Virgil was here - SS22

 

Virgil Abloh's latest fashion show for Louis Vuitton was staged on Tuesday 30th November at the Miami Marine Stadium. The spin-off of the SS22 men's collectio seemed to be the synthesis of Abloh's work in the French fashion house. Because there, as many had hoped, there were really all those who had shared an incredible life with Virgil Abloh, Kid Cudi on the catwalk, as well as in the show of 21 June 2018 in the gardens of the Palais-Royale, but also Ye, Pharrell, Jerry Lorenzo, Don C, Samuel Ross, Matthew Williams, Sean Wotherspoon and many others. Someone called it a funeral, a last public farewell to give the right tribute to Abloh's work, but perhaps it would be better to say that it was rather the closing of a circle that began in 2009 at Paris Fashion Week.
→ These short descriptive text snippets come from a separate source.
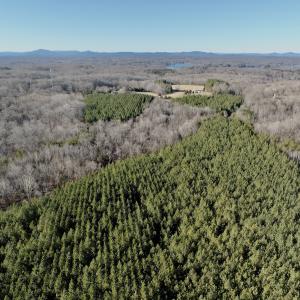 Photo #10 of Off of Dillards Hill Road, Union Hall, VA 37.7 acres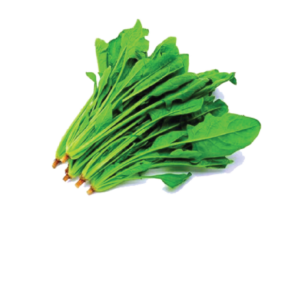 Chinese Spinach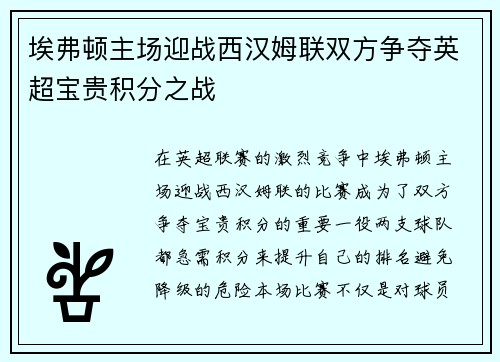 埃弗顿主场迎战西汉姆联双方争夺英超宝贵积分之战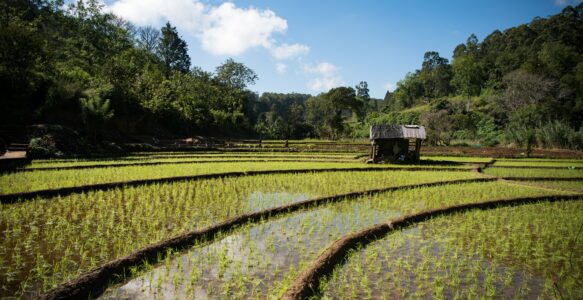 Alte Weisheit trifft moderne Herausforderungen: Sri Lanka und sein Bewässerungssystem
At the end of the catwalk, the crowd of collaborators from the style office, wearing a special Louis Vuitton Miami t-shirt, followed by the explosion of colorful fireworks against the backdrop of the monumental statue of Abloh positioned between the fashion show area and the location of the post-event concert, which seemed to be staring impatiently at the red balloon with the LV monogram as it tugged on its ropes relentlessly.